En effet, la loi marocaine, qui interdit toute relation sexuelle hors mariage, pénalise triplement les femmes qui tombent enceintes soit à l’issue d’un viol (généralement non déclaré), de relations sexuelles consenties mais en dehors du mariage et l’impossibilité d’avorter dans des conditions sanitaires et hygiéniques saines.

C’est cet état de fait qui est ainsi mis à l’index par Amnesty, qui souligne qu’en mettant au ban de la société une tranche non négligeable de femmes marocaines suite à un acte sexuel ‘’criminalisé’’ par le droit, l’Etat marocain « manque à ses obligations de garantir des services de santé sexuelle et reproductive disponibles, accessibles, abordables, acceptables et de bonne qualité, notamment des services d’avortement, exposant ainsi les femmes et les filles à des situations dangereuses et bafouant leurs droits humains ».
D’aucun pourraient estimer que cette déclaration est disproportionnée et virerait à l’accusation désaxée du fait que nombre de pays, notamment américains et européens, interdisent l’avortement de manière générale, indépendamment que cela soit le fait de viol ou à la suite d’un rapport sexuel consenti. C’est le cas des USA, pour ne citer que le pays le plus ‘’démocratique’’ du monde, qui interdisent dans de nombreux Etats l’avortement. Nonobstant le bien-fondé ou non de ce rapport, ce qui rend la position du Maroc critiquable et, donc, fragile, c’est le rapport de la loi à la sexualité, en particulier, et aux droits des femmes en général dans l’Ordre juridique interne.
On le sait, le Code pénal marocain interdit formellement tout rapport sexuel hors mariage.
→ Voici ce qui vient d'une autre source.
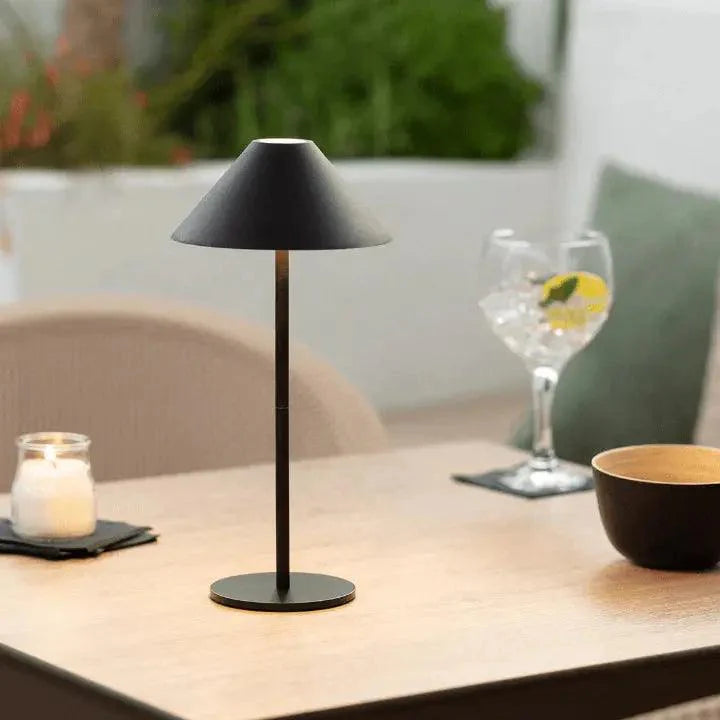 Drahtlose Tischlampe | Minimalistische Akku LED Tischleuchte 8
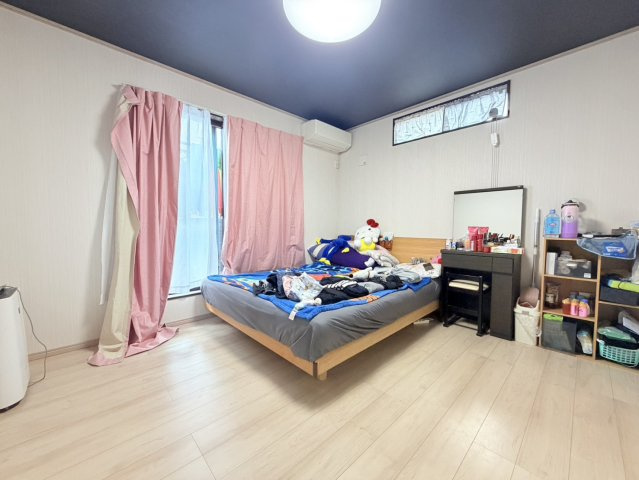 【築２年！】北相馬郡利根町布川中古物件の洋室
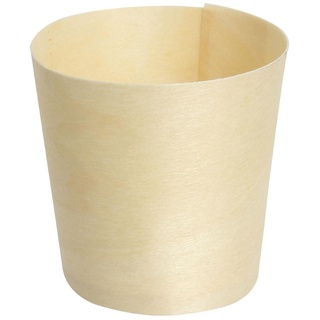 Fiesta dk388 Pappel Holz Cup, 40 mm x 40 mm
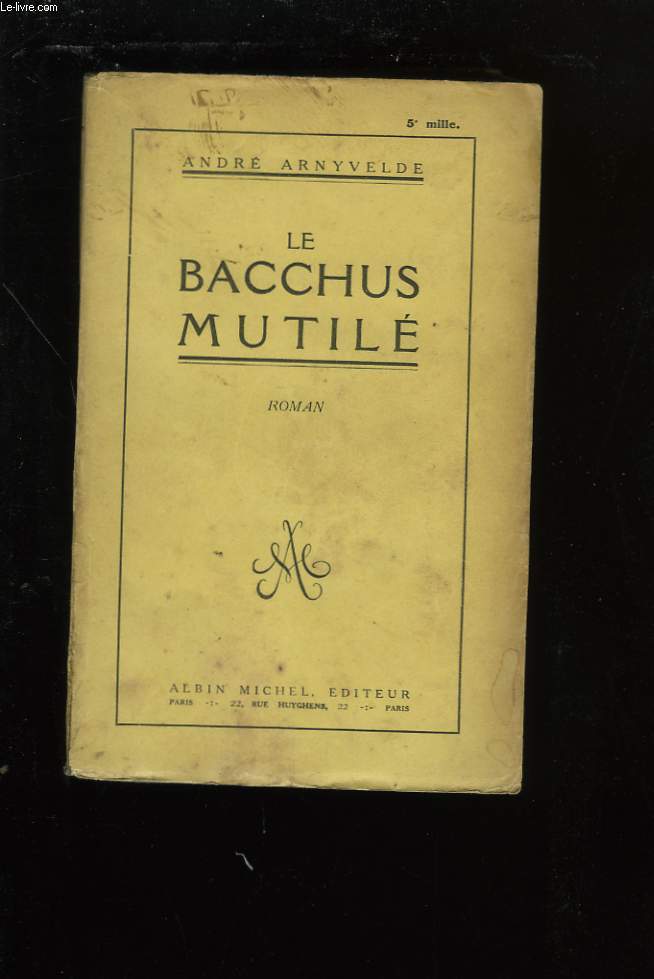 LE BACCHUS MUTILE.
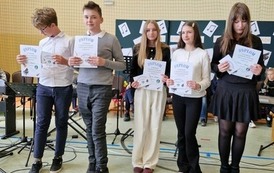 SZKOLNY KONKURS GRY NA INSTRUMENTACH&nbsp; 31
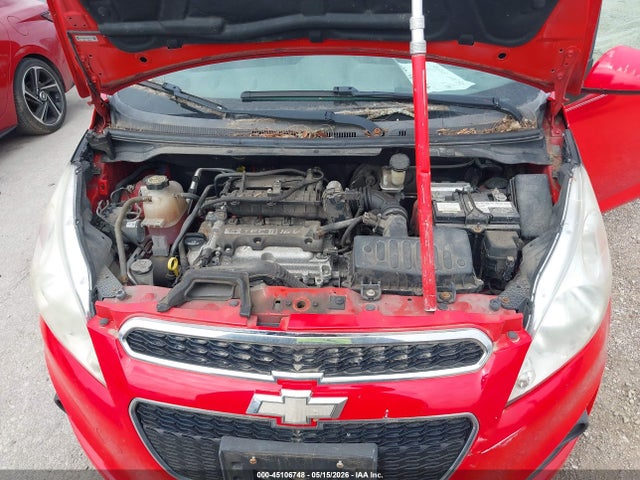 Продажа на аукционе авто 2014 Chevrolet Spark 1lt Auto, vin: KL8CD6S9XEC582414, номер лота: 45106748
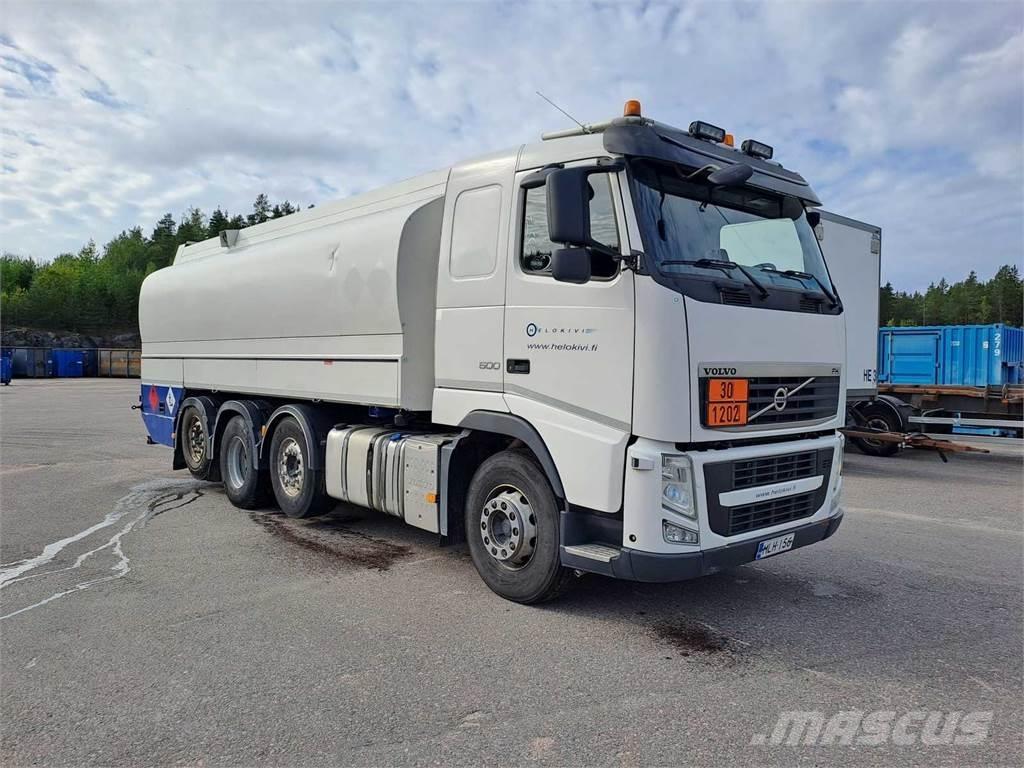 Volvo FH 500 8X2 Tankwagen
Ce qui peut être considéré comme étant un non-sens à la limite, les relations de couple dans ce pays obéissant dans les faits à une logique universelle, la liberté. Or, le vécu social marocain est en contradiction flagrante avec le Droit, la vie moderne ayant pris le pas et de manière foncière sur la norme, d’où les appels persistants d’une grande partie de la société marocaine à une réforme globale et fondamentale de la loi en matière de statut personnel (Code de la famille) et de norme pénale, celle-ci étant complétement déphasée par rapport à la réalité sociale marocaine. Le droit à l’avortement et, par ricochet, à la liberté sexuelle sont les deux points focaux qui sont mis à l’avant dans ce rapport pour le moins très critique vis-à-vis des autorités marocaines et du législateur en général.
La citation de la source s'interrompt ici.